ACTION ITEM — Look below for the line containing "Sliding Barn Door" and the line containing "Haier | Cordless", then set down both and every line between them exactly, without pictures.

----------------

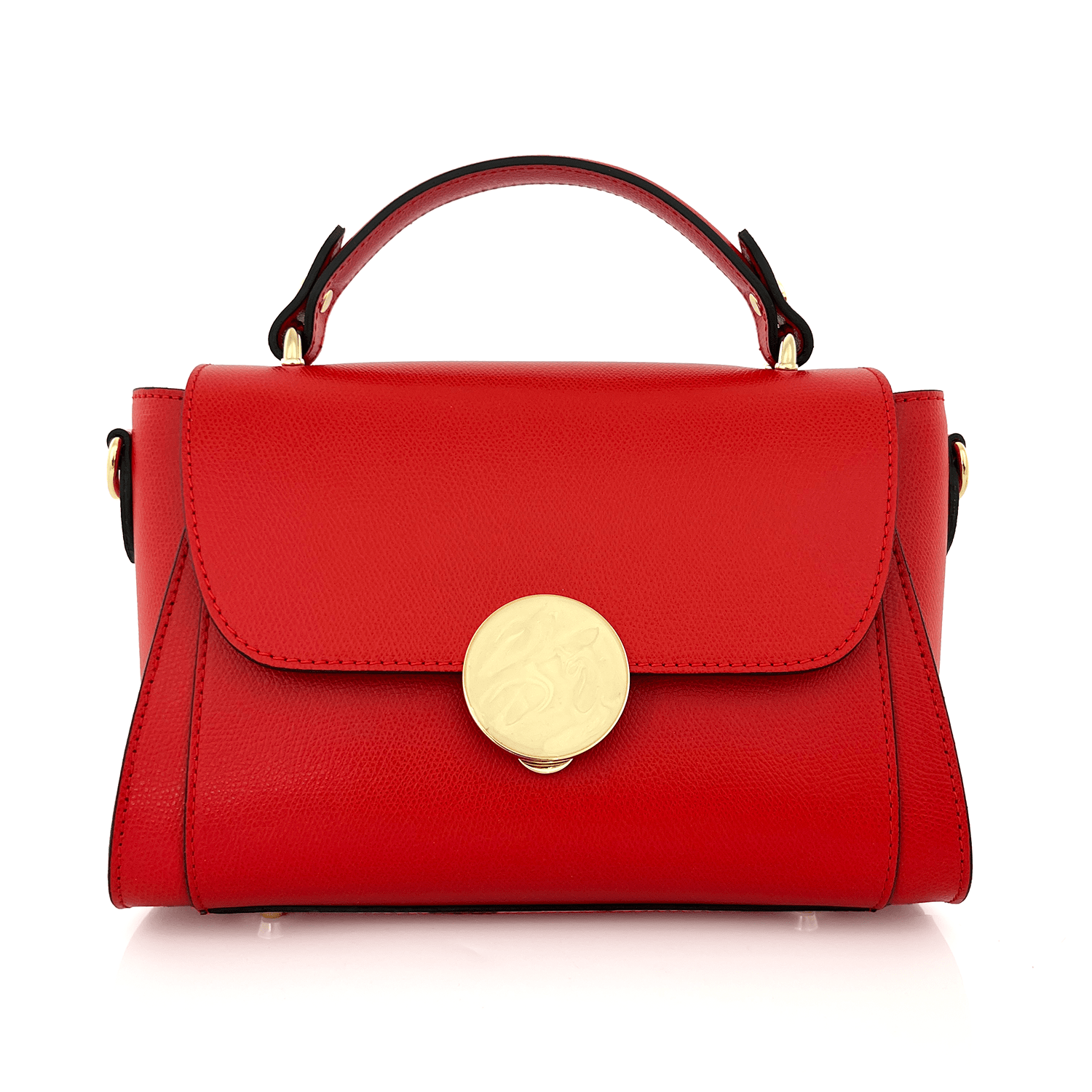 Луксозна чанта от естествена кожа Belissima - червена
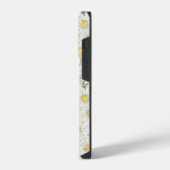 水彩白花模様 iPhoneケース (左側面)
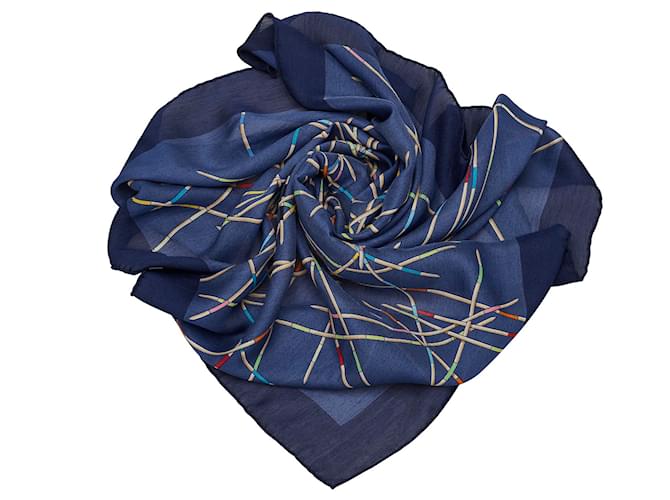 Hermès Sciarpa Hermes in seta blu Panno  ref.757326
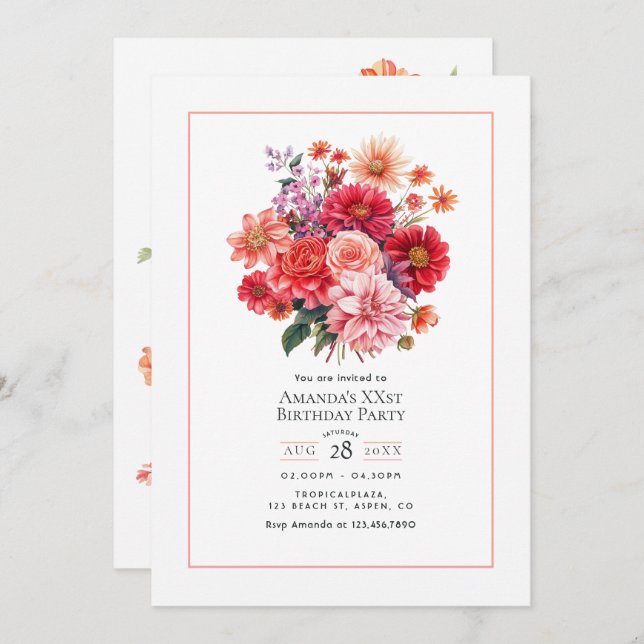 Bright Floral Birthday Party Invitation (Front/Back)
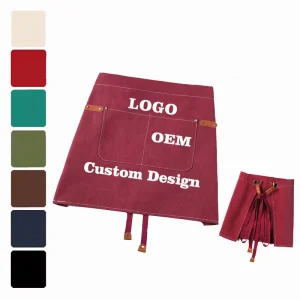 Waterproof Printed Logo Waist Canvas Apron for Kitchen Restaurant Coffee Shop Home Cooking Adjustable Multiple Pockets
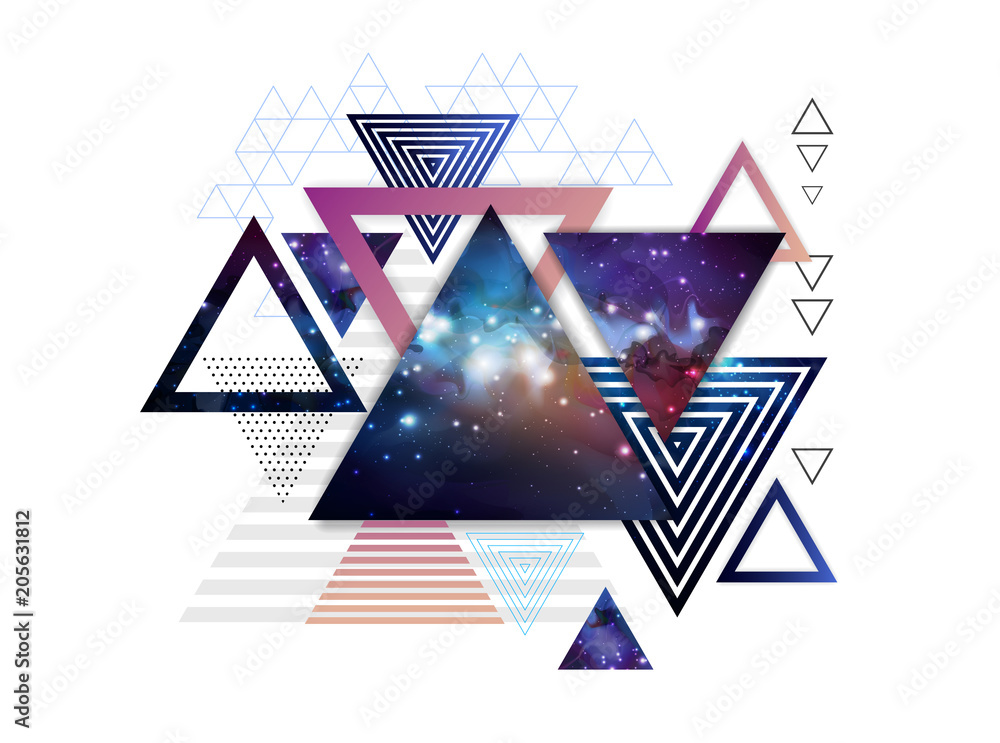 Wall mural abstract hipster polygonal triangle background with open space inside.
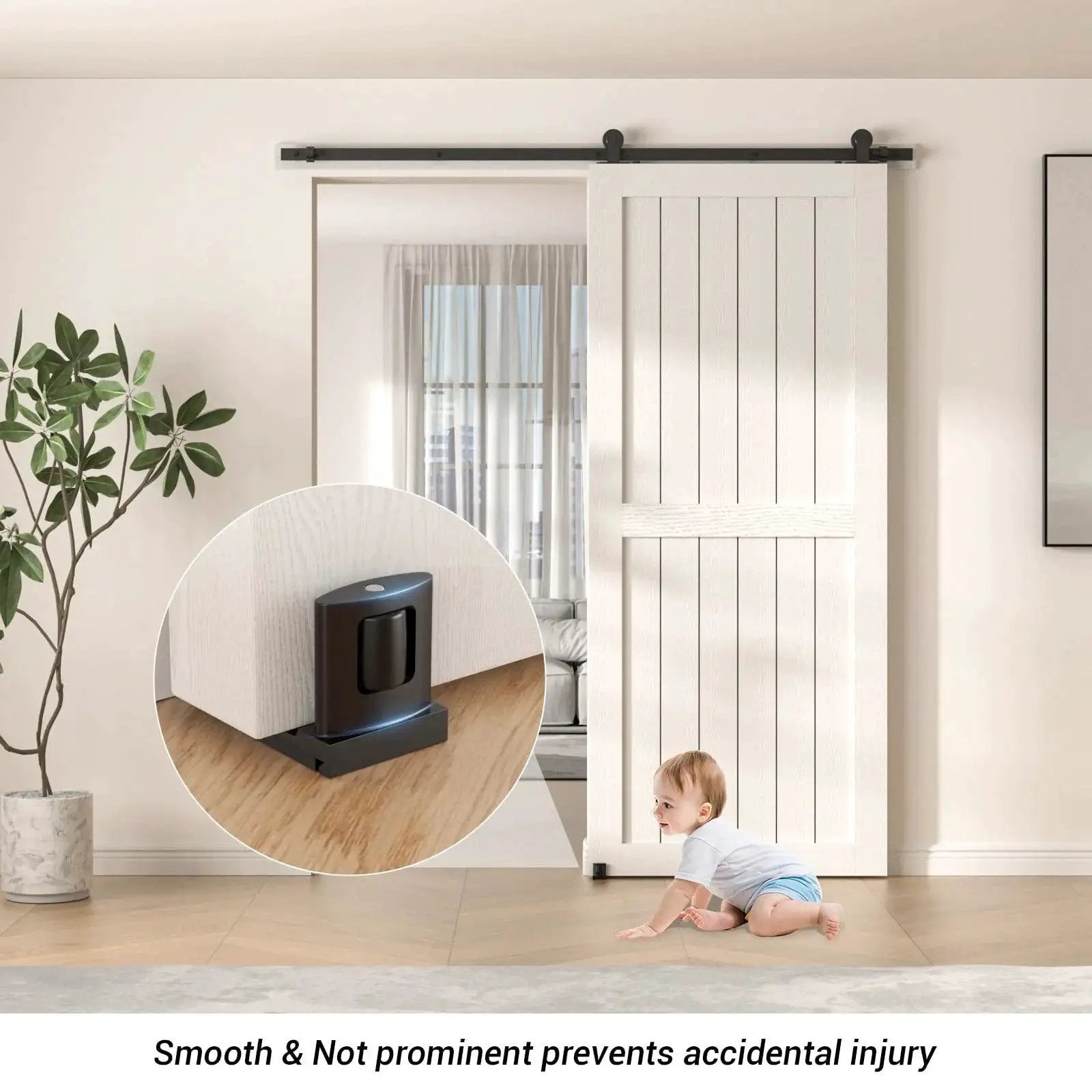 Sliding Barn Door Bottom Floor Guide With Adjustable U Shaped Flat Bottom Design Easy To Install And Wall Mounted Black Finish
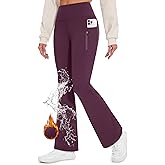 Desol Fleece Lined Hiking Pants Women, Winter High Waist Fleece Flare Pants Waterproof Thermal Snow Pants with Zipper Pockets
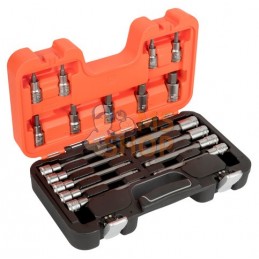 S18HEX;BAHCO;Jeu de douilles 1/2" avec embouts 6 pans - 18 pcs;pièce détachée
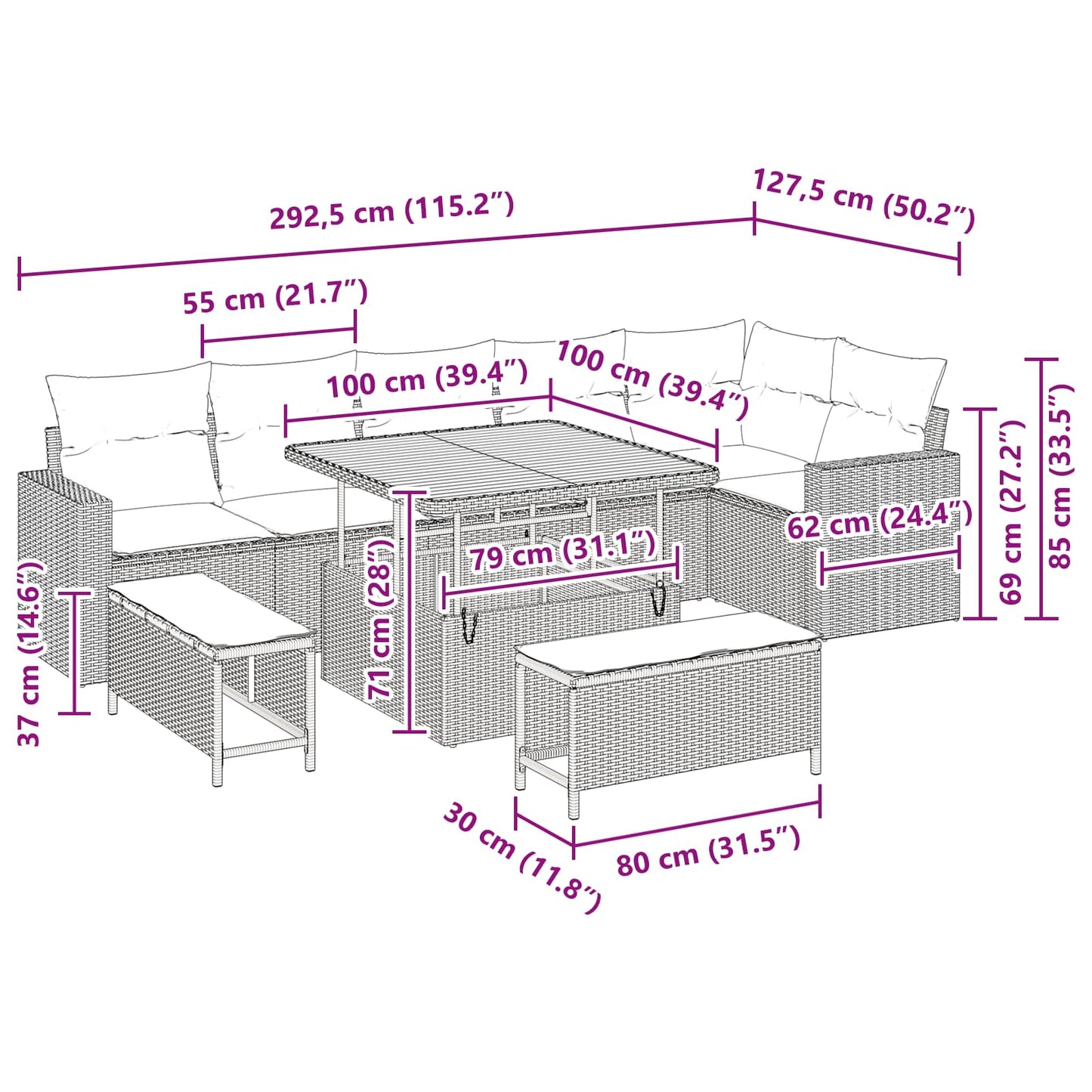 Set Divano da Giardino 9 pcs Nero polyrattan | homemem39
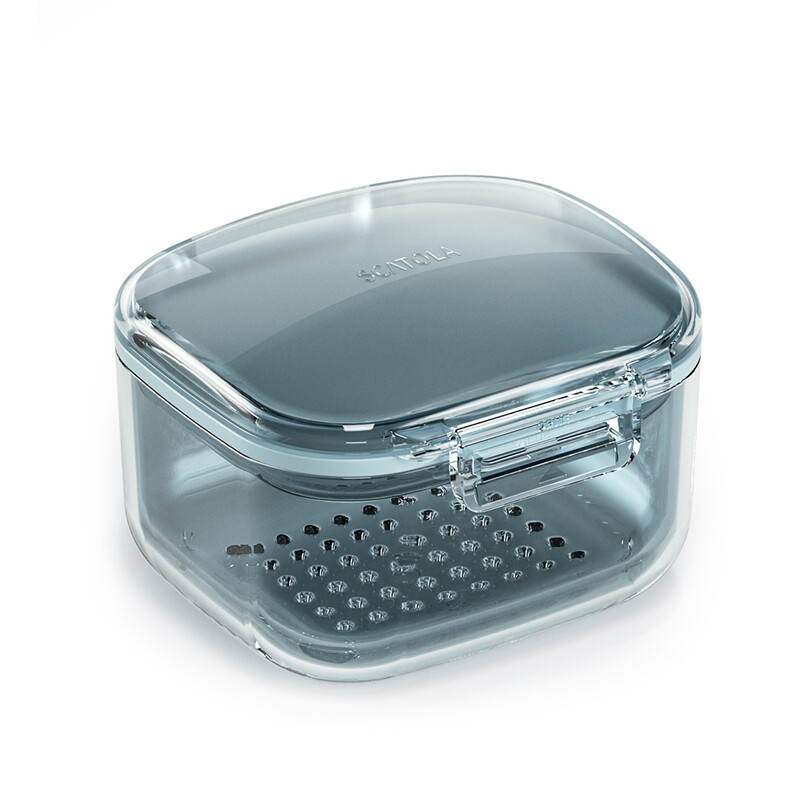 Retainer Case, Retainer Cleaner Case, Unique Denture Bath with Drain Tray, Suitable f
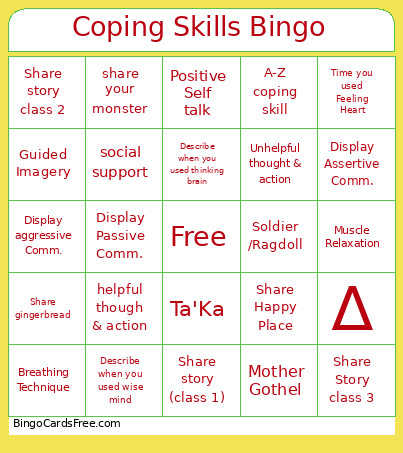 Coping Skills Class Bingo Card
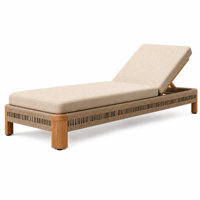 Ensemble de chaises longues en teck de luxe pour villa et hôtel, utilisation en extérieur, design moderne, imperméable, durable, coussins écologiques inclus
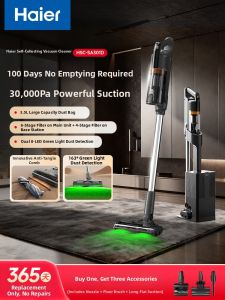 Haier | Cordless Handheld Vacuum Cleaner Wireless High Power 30000Pa Auto Collection Dust Bag 3.5L Dual 8 LED Green Light Dust Detection Anti Tangle Comb 100 Days No Emptying Required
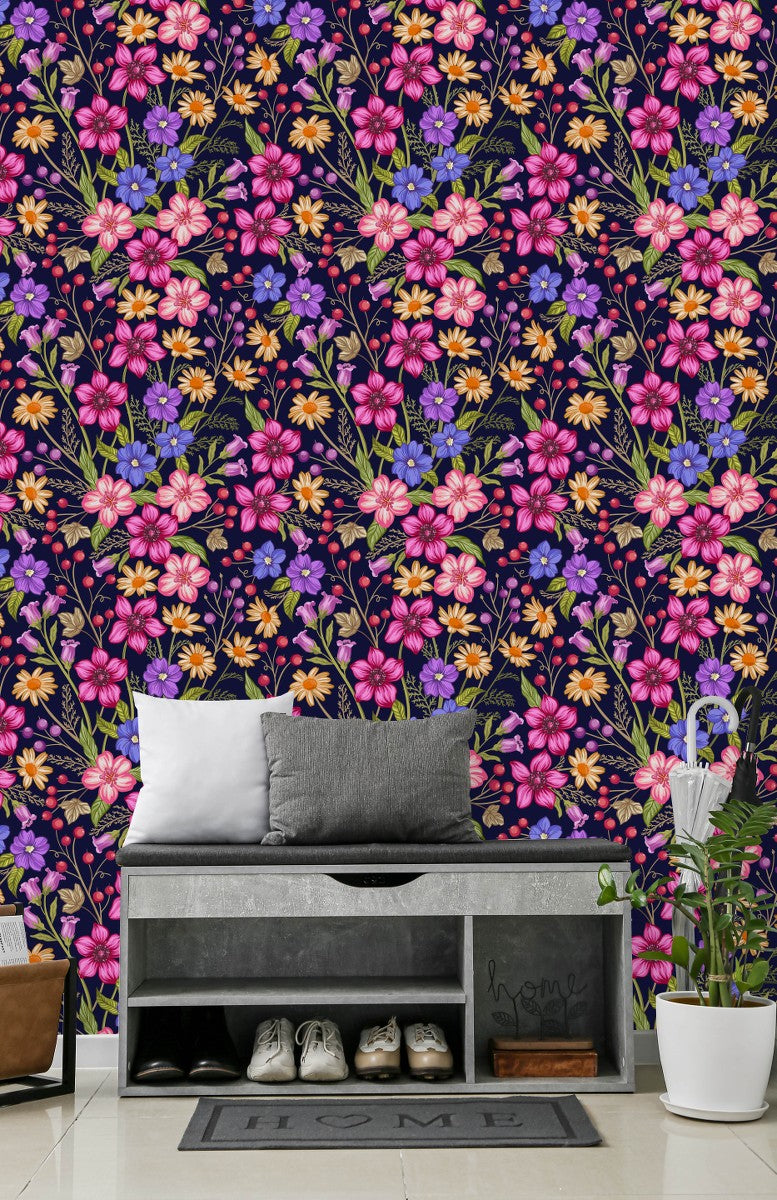 Chamomile and Berries on Dark Background Wallpaper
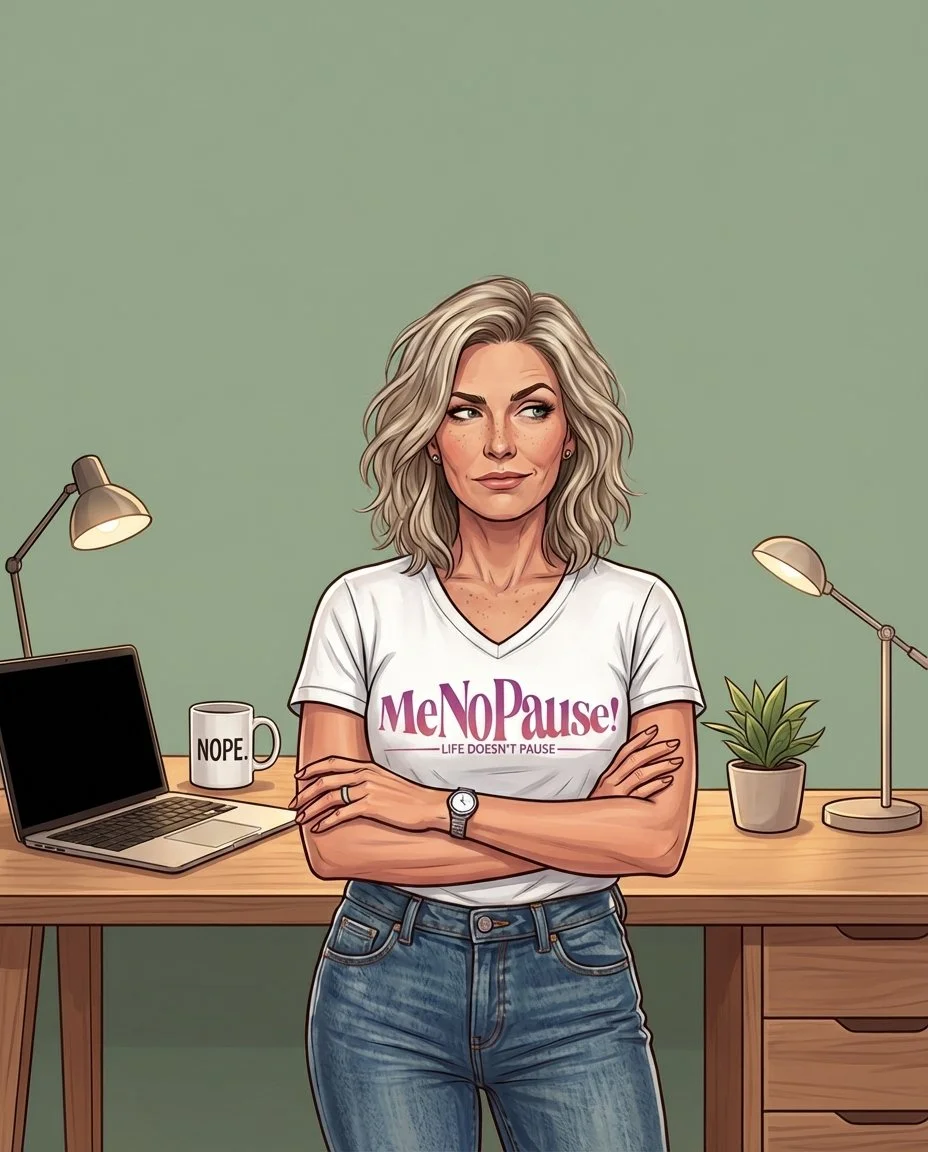 Confident midlife woman with arms crossed representing the Chief Over-It Officer for MeNoPause! in a modern office setting.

----------------

SOLVED EXERCISE —
 Sliding Barn Door Bottom Floor Guide With Adjustable U Shaped Flat Bottom Design Easy To Install And Wall Mounted Black Finish
 Desol Fleece Lined Hiking Pants Women, Winter High Waist Fleece Flare Pants Waterproof Thermal Snow Pants with Zipper Pockets
 S18HEX;BAHCO;Jeu de douilles 1/2" avec embouts 6 pans - 18 pcs;pièce détachée
 Set Divano da Giardino 9 pcs Nero polyrattan | homemem39
 Retainer Case, Retainer Cleaner Case, Unique Denture Bath with Drain Tray, Suitable f
 Coping Skills Class Bingo Card
 Ensemble de chaises longues en teck de luxe pour villa et hôtel, utilisation en extérieur, design moderne, imperméable, durable, coussins écologiques inclus
 Haier | Cordless Handheld Vacuum Cleaner Wireless High Power 30000Pa Auto Collection Dust Bag 3.5L Dual 8 LED Green Light Dust Detection Anti Tangle Comb 100 Days No Emptying Required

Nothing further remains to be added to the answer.